Later petitioner said:

'Mr. Mayberry: My witness isn't being in an inquisition, you know. This isn't the Spanish Inquisition.'

Following other exchanges with the court, petitioner said:

'Mr. Mayberry: Now, just what do you call proper? I have asked questions, numerous questions and everyone you said is improper. I have asked questions that my adviser has given me, and I have repeated these questions verbatim as they came out of my adviser's mouth, and you said they are improper. Now just what do you consider proper?

'The Court: I am not here to educate you, Mr. Mayberry.

'Mr. Mayberry: No. I know you are not. But you're not here to railroad me into no life bit, either.

'Mr. Codispoti: To protect the record—

'The Court: Do you have any other questions to ask this witness?

'Mr. Mayberry: You need to have some kind of psychiatric treatment, I think.
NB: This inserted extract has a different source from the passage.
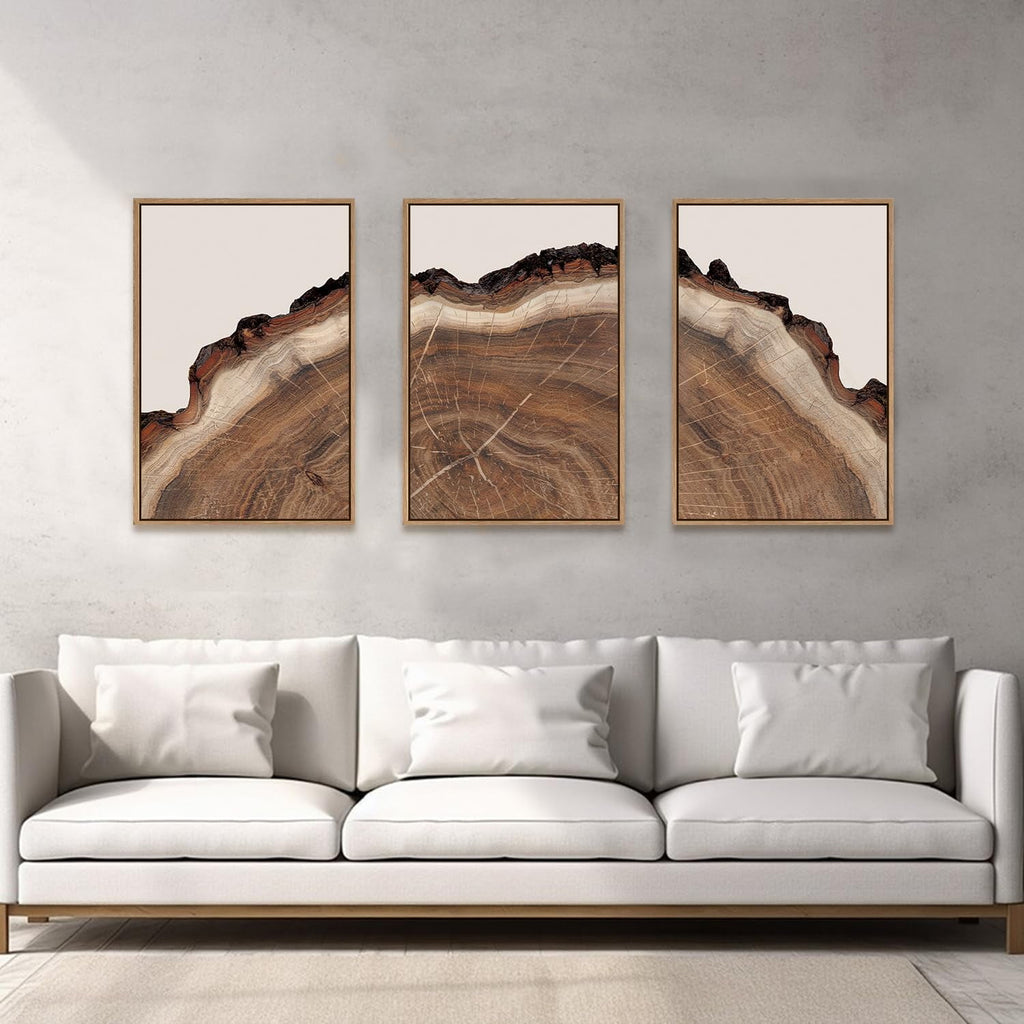 Tree Rings Wood Wall Art Framed Set, Modern Beige Wood Stump Wall Decor, Abstract Tree Spiral Wall Painting,Nature-Inspired Art Print for Living Room, Bedroom, Dining Room, Office-16 x24 x3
You're some kind of a nut. I know you're trying to do a good job for that Warden Maroney back there, but let's keep it looking decent anyway, you know. Don't make it so obvious, Your Honor.'

Page 461

(8) A codefendant was removed from the courtroom and when he returned petitioner asked for a severance.

'Mr. Mayberry: I have to ask for a severance.

'The Court: I have heard that before. It is denied again. Let's go on.'

(Exception noted.)

'Mr. Mayberry: This is the craziest trial I have ever seen.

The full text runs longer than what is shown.